> Exercise details: The reply should hold every entry exactly as written and none of the pictures.

[Web page caption snippets]
┄┄┄┄┄┄┄┄┄┄

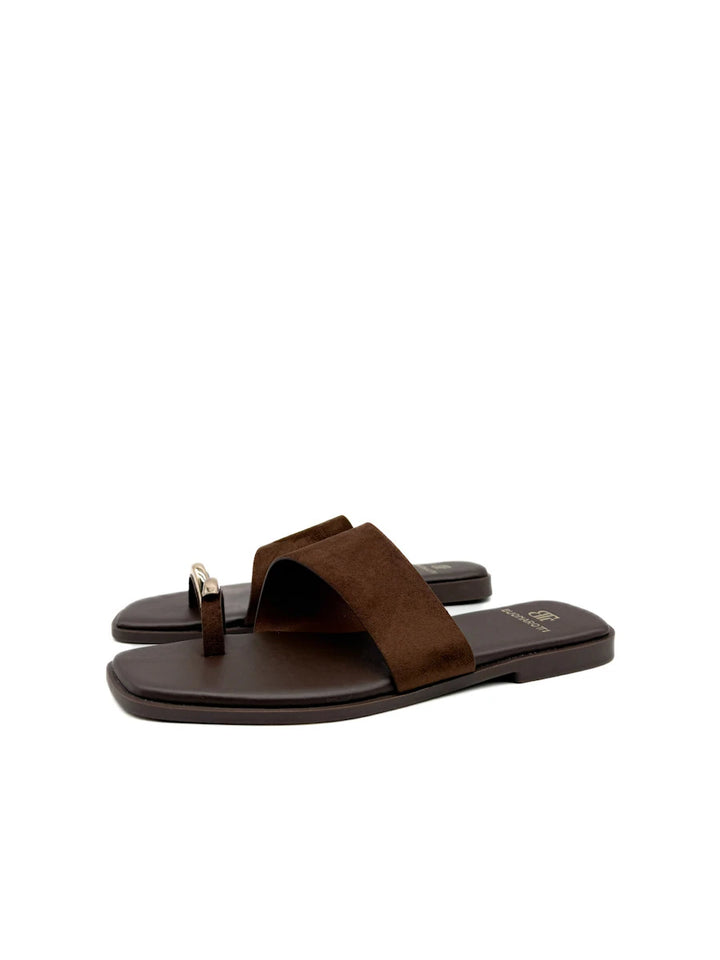 Sandalias Planas con Anillo Metálico y Pala Ancha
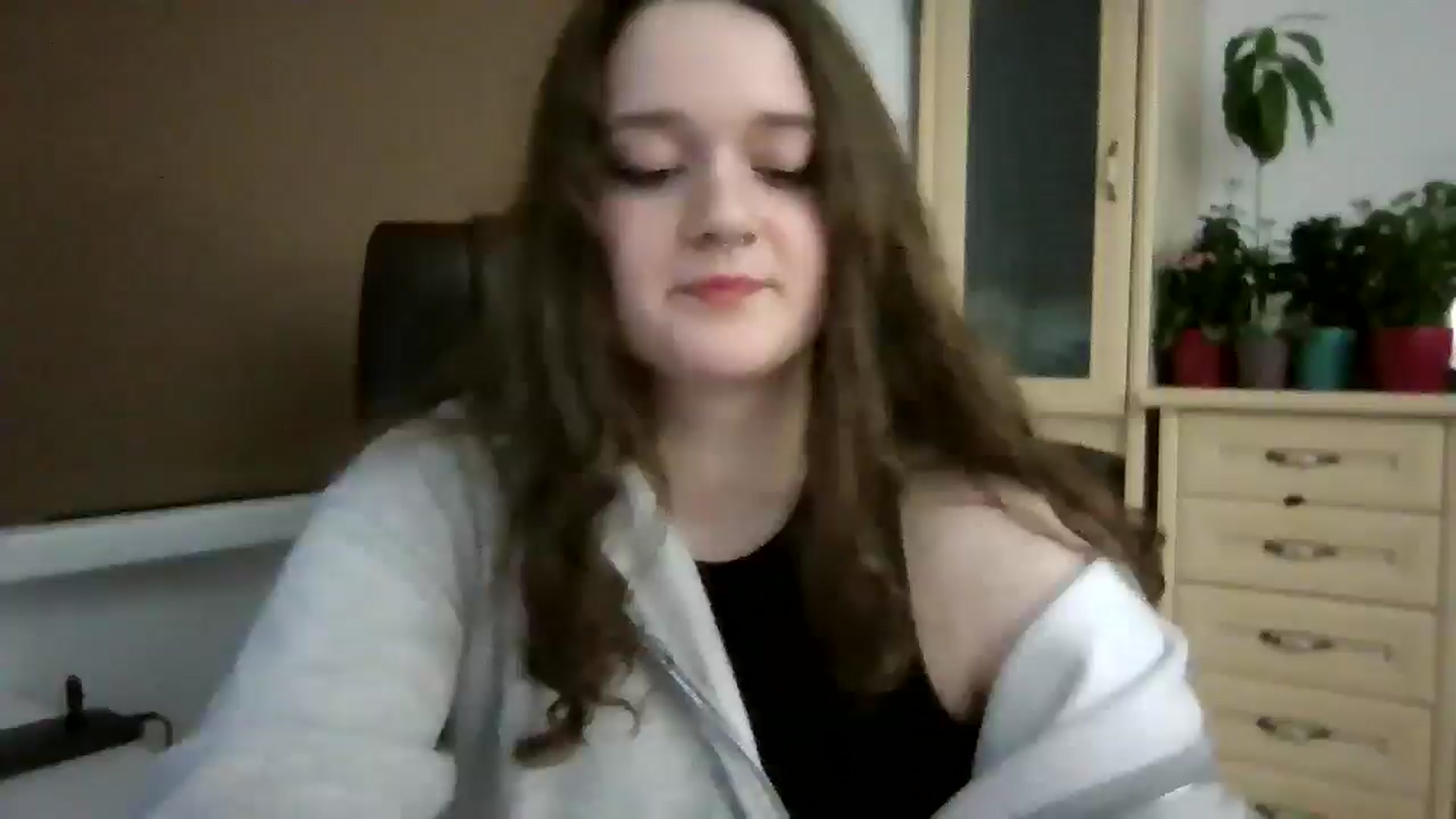 Gallery image thumbnail from KiraDelys's myfreecams stream on, 12/17/2025, 02:53 image 17 of 20
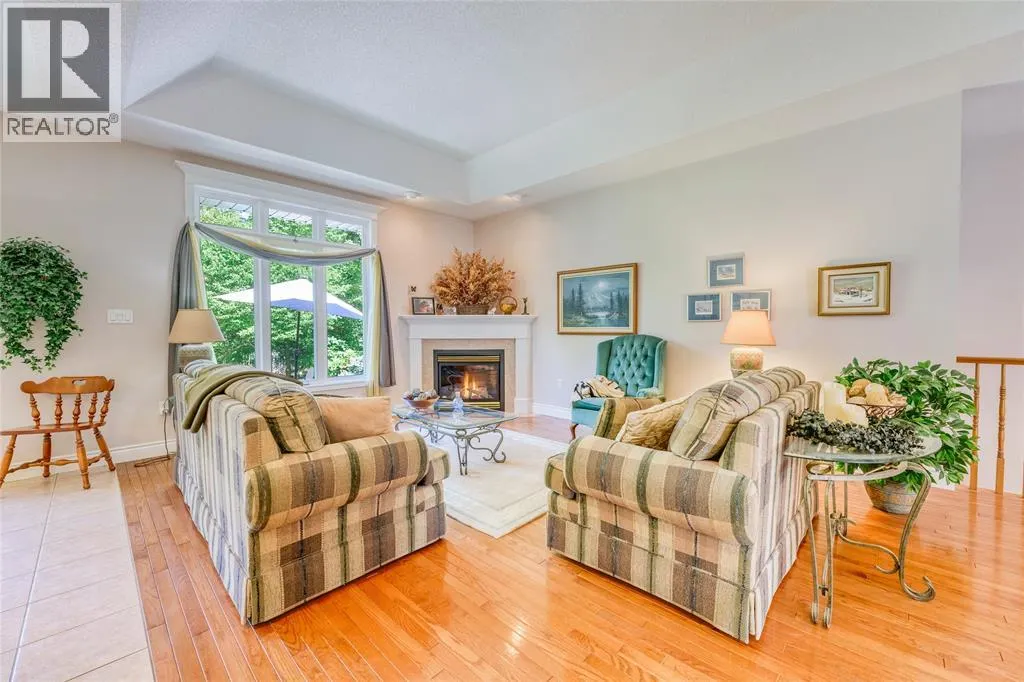 3125 BROOKSIDE CRESCENT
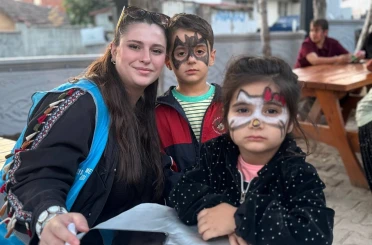 "Mahallemde Neşe Var" etkinlikleri 3 ilçede çocuklarla buluştu 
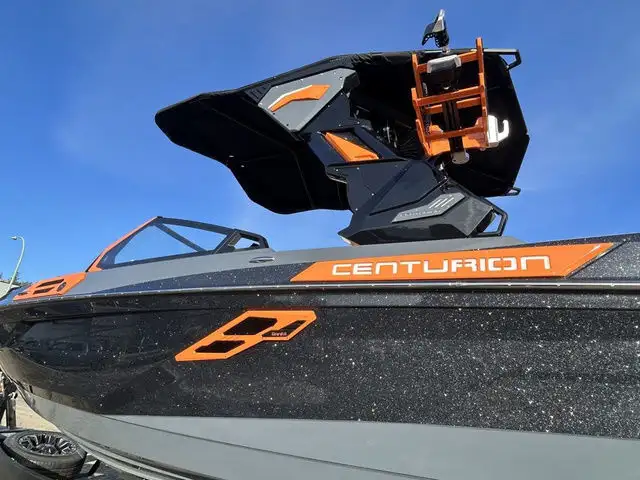 2025 Centurion RI245 in Powerboats & Motorboats in Kelowna - Image 4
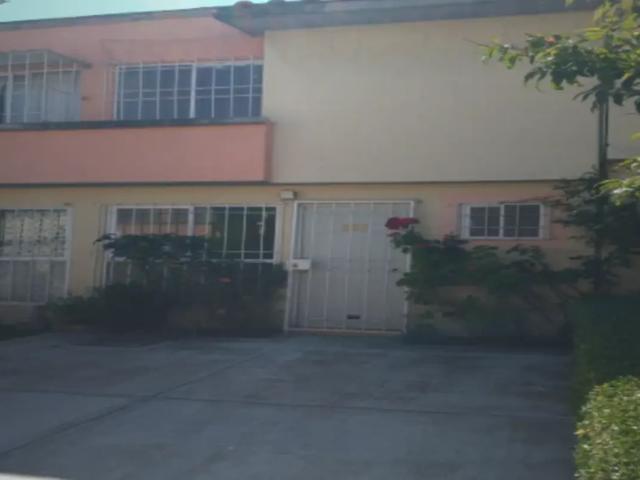COMPRASELA AL BANCO LA Casa de Entrega Inmediata en Paseos de las Trojes, Temoaya, Estado de México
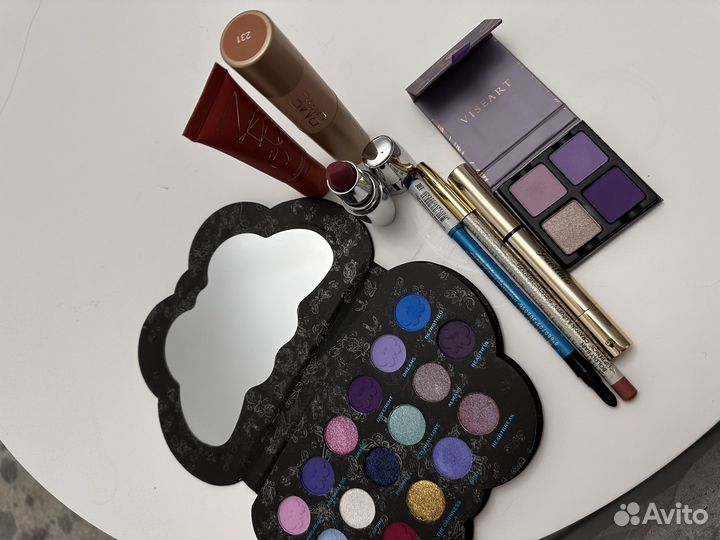 Палетка теней, косметика, помада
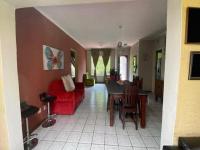 Dining Room - 22 square meters of property in Brackendowns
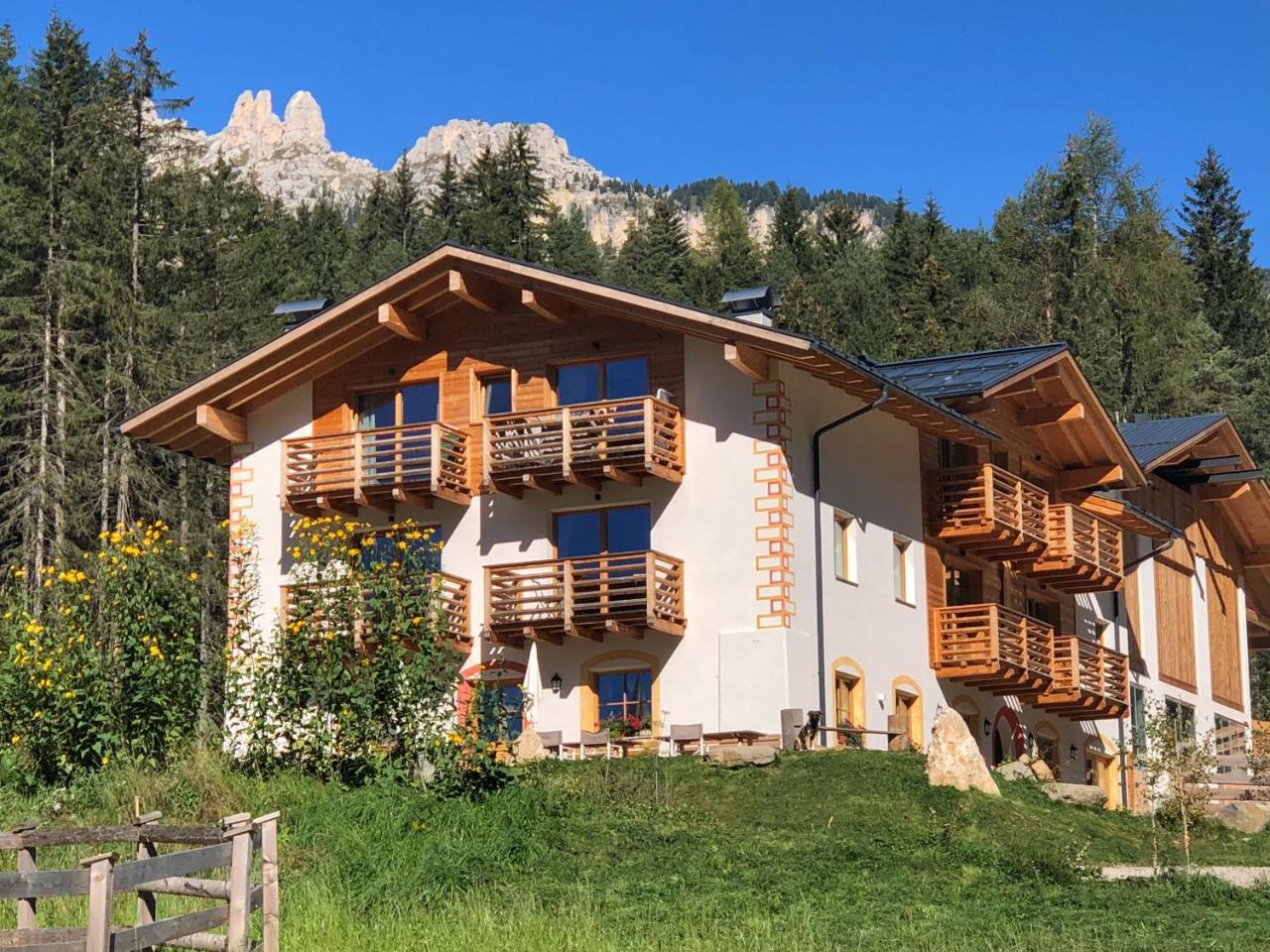 Agriturismo Soreie - Farmstay Vigo di Fassa Ngoại thất bức ảnh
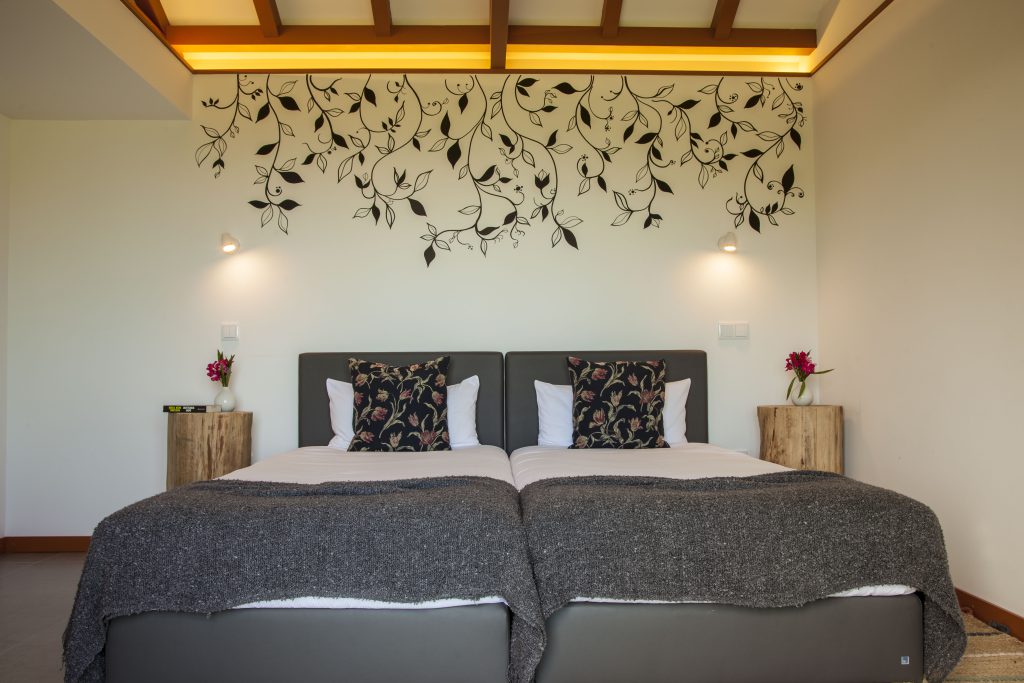 Twee bedden in een appartement op de Azoren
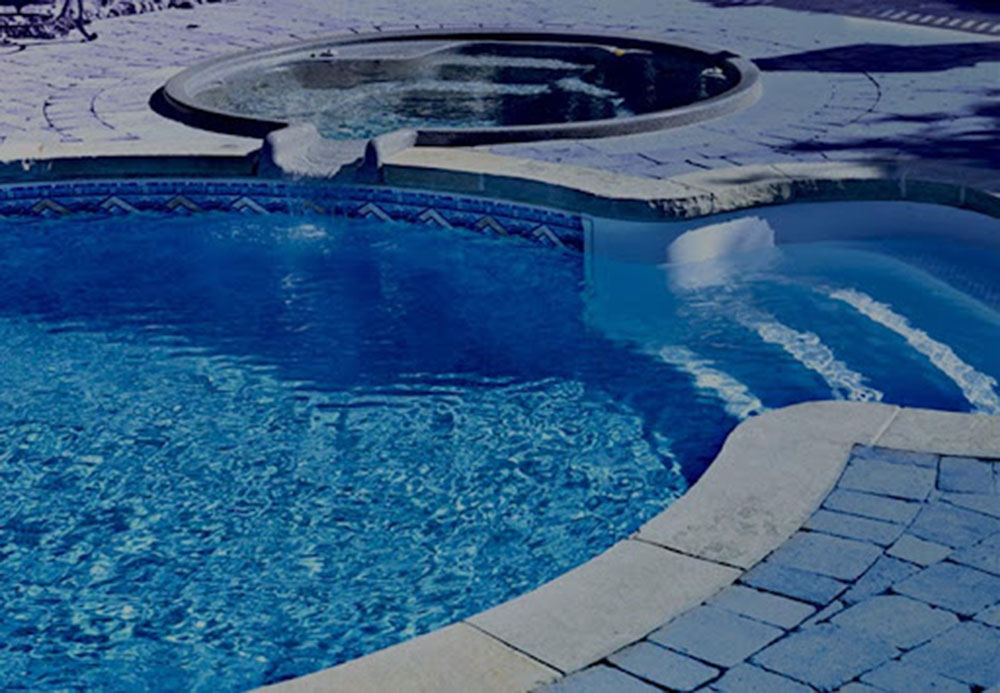 Fiberglass-pool-fixing How to patch a swimming pool quickly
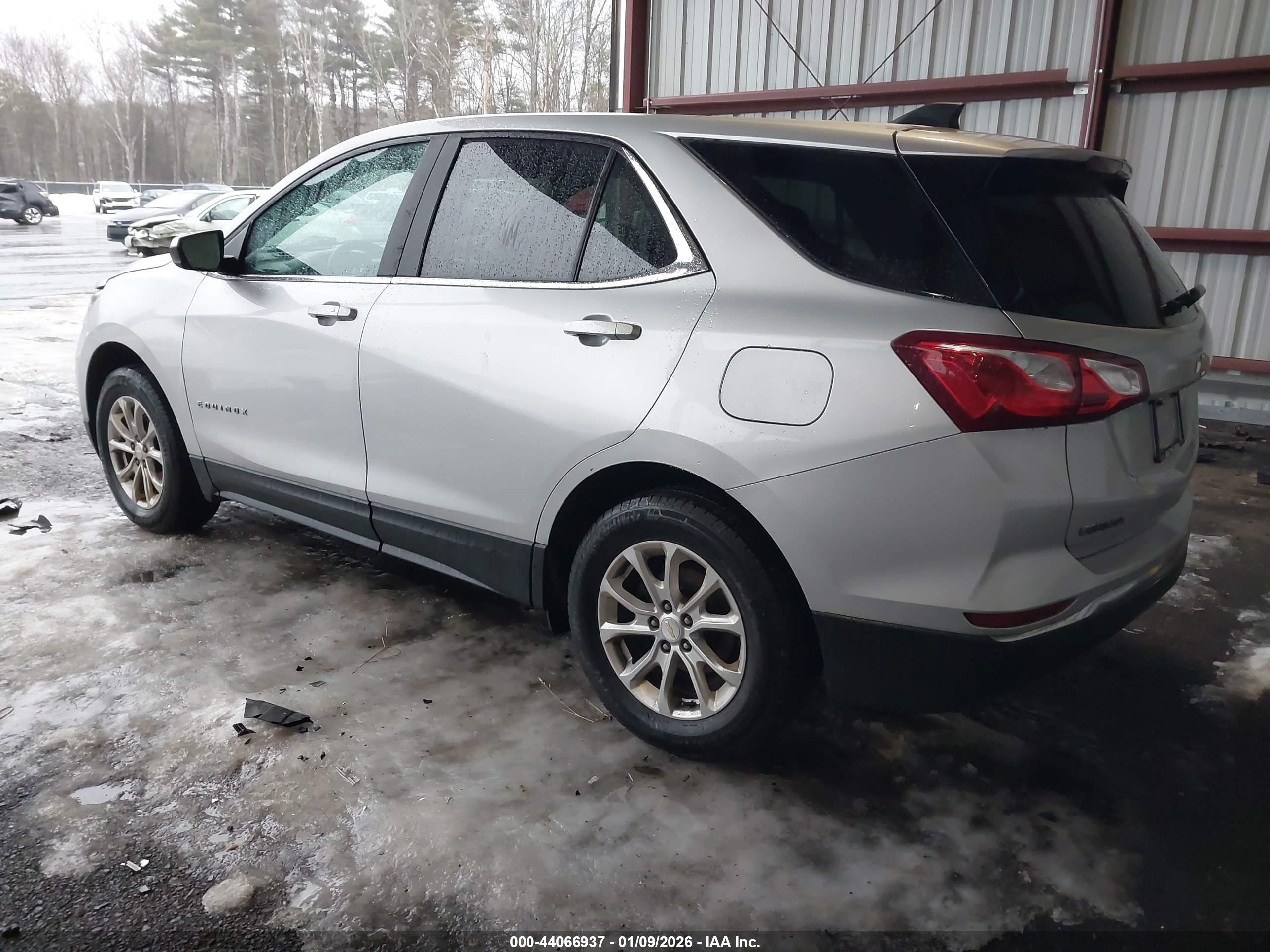 CHEVROLET EQUINOX image 3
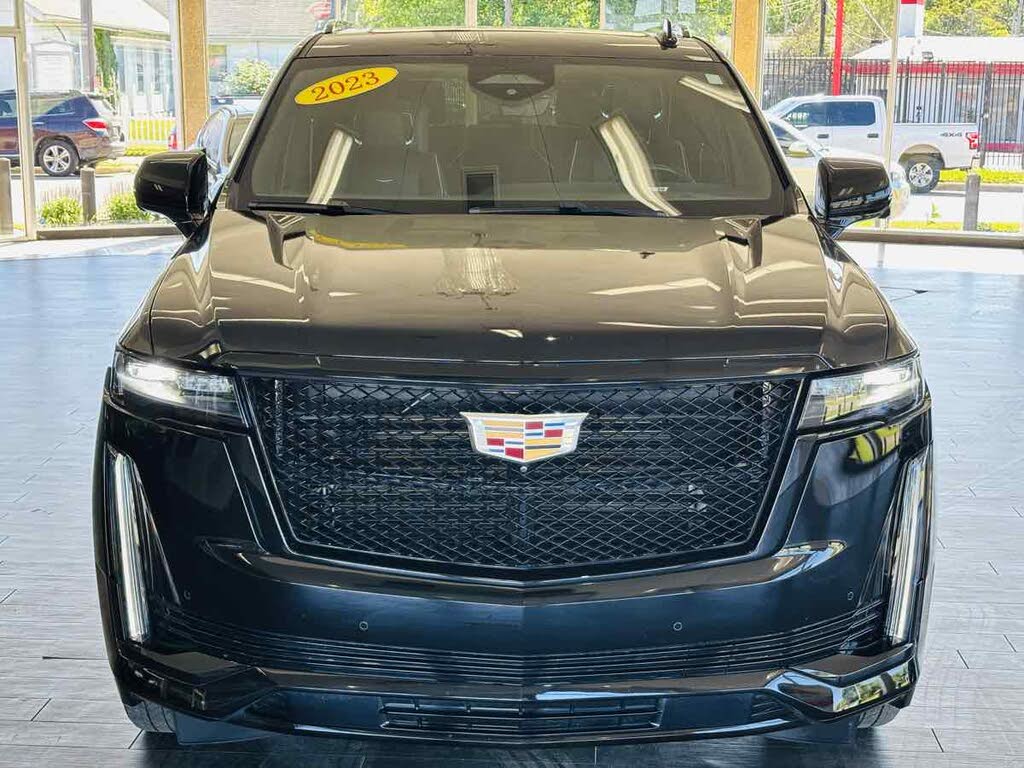 2023 Cadillac Escalade Sport 4WD – Premium SUV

┄┄┄┄┄┄┄┄┄┄

> Written response:
 Sandalias Planas con Anillo Metálico y Pala Ancha
 Gallery image thumbnail from KiraDelys's myfreecams stream on, 12/17/2025, 02:53 image 17 of 20
 3125 BROOKSIDE CRESCENT
 "Mahallemde Neşe Var" etkinlikleri 3 ilçede çocuklarla buluştu 
 2025 Centurion RI245 in Powerboats & Motorboats in Kelowna - Image 4
COMPRASELA AL BANCO LA Casa de Entrega Inmediata en Paseos de las Trojes, Temoaya, Estado de México
 Палетка теней, косметика, помада
 Dining Room - 22 square meters of property in Brackendowns
 Agriturismo Soreie - Farmstay Vigo di Fassa Ngoại thất bức ảnh
 Twee bedden in een appartement op de Azoren
 Fiberglass-pool-fixing How to patch a swimming pool quickly
 CHEVROLET EQUINOX image 3
 2023 Cadillac Escalade Sport 4WD – Premium SUV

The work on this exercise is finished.